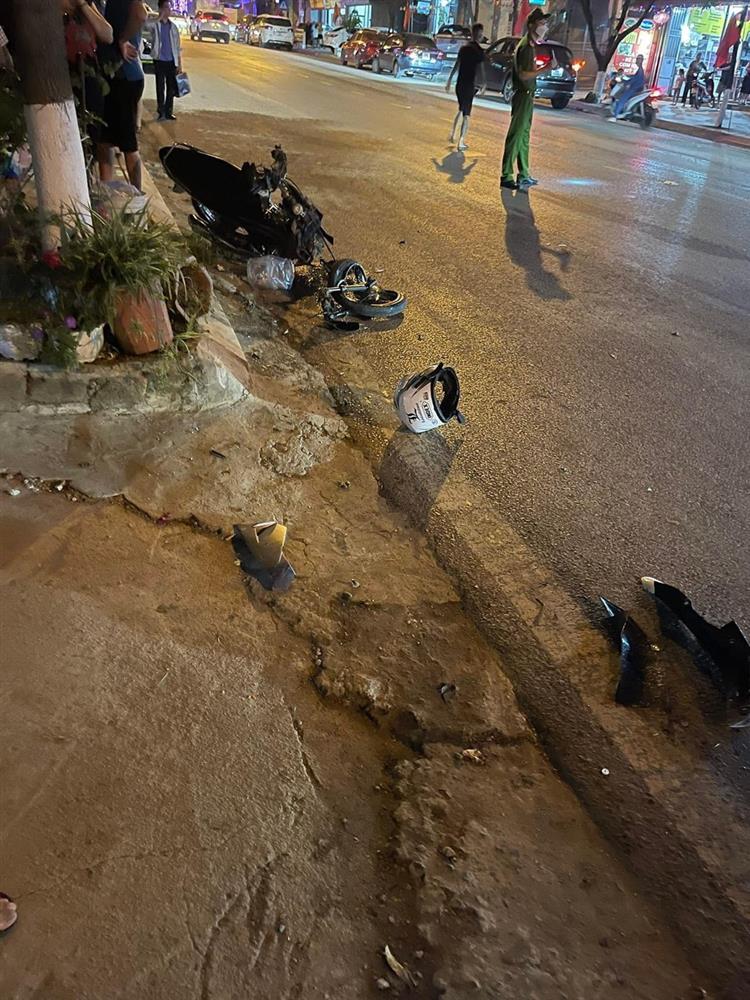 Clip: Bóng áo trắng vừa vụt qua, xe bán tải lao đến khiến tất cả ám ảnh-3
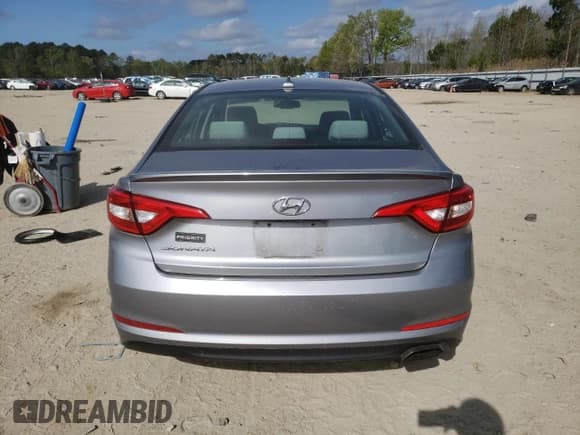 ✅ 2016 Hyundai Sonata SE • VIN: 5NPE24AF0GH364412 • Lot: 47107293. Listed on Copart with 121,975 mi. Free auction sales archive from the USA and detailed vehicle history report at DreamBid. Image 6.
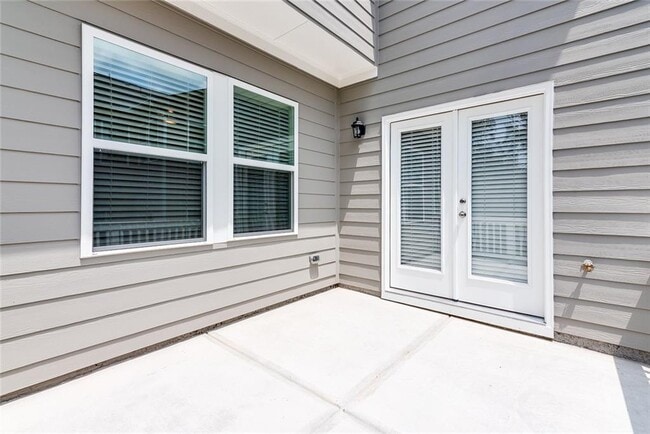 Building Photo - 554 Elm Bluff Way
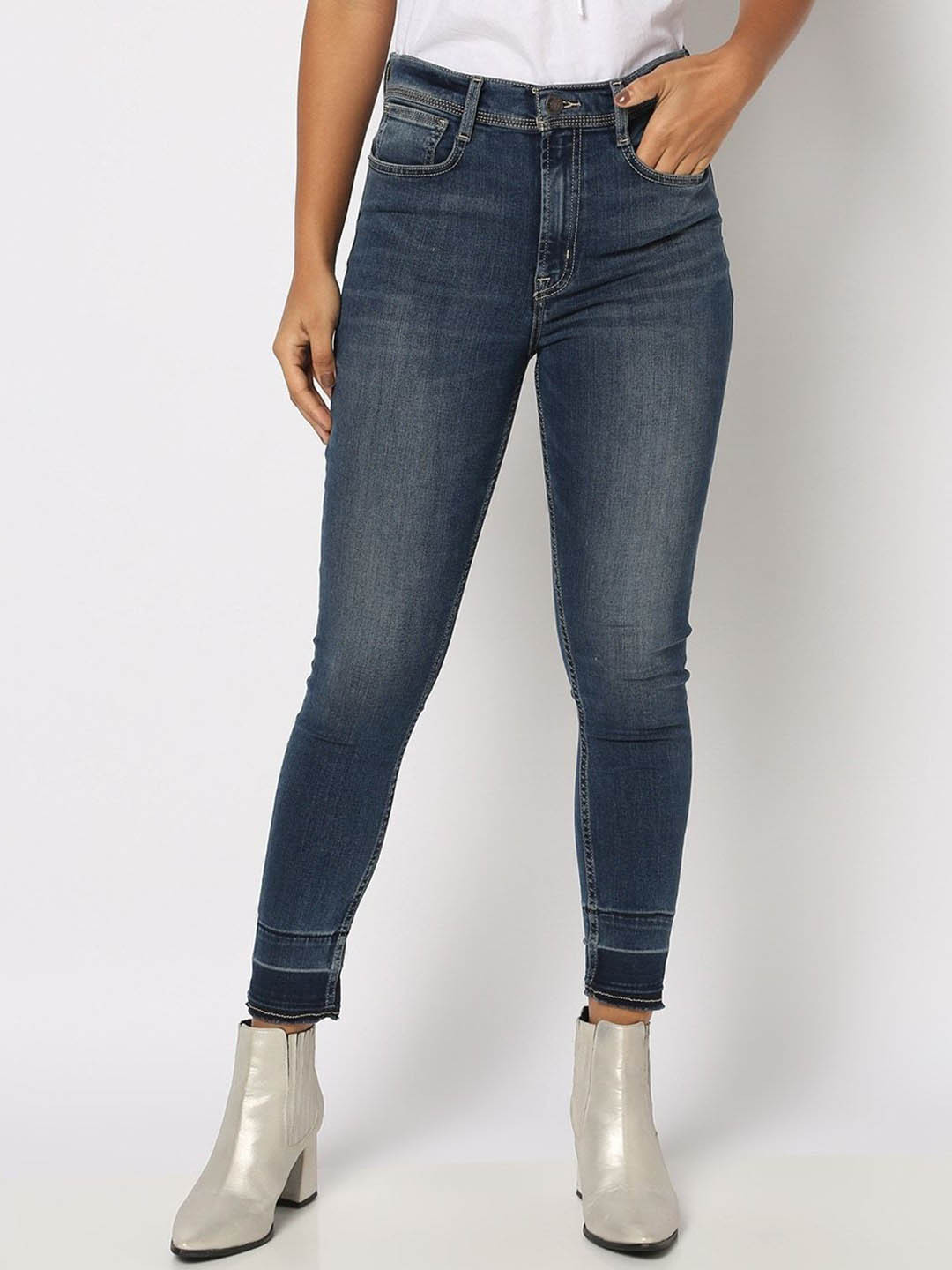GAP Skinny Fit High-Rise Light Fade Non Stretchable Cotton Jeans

+++++

◆ **What needs to be done**:
All lines from the one holding "Building Photo - 554 Elm Bluff Way" to the end of the listing above need to be duplicated exactly. None of the pictures should be included.

◆ **Answer box**:
 Building Photo - 554 Elm Bluff Way
GAP Skinny Fit High-Rise Light Fade Non Stretchable Cotton Jeans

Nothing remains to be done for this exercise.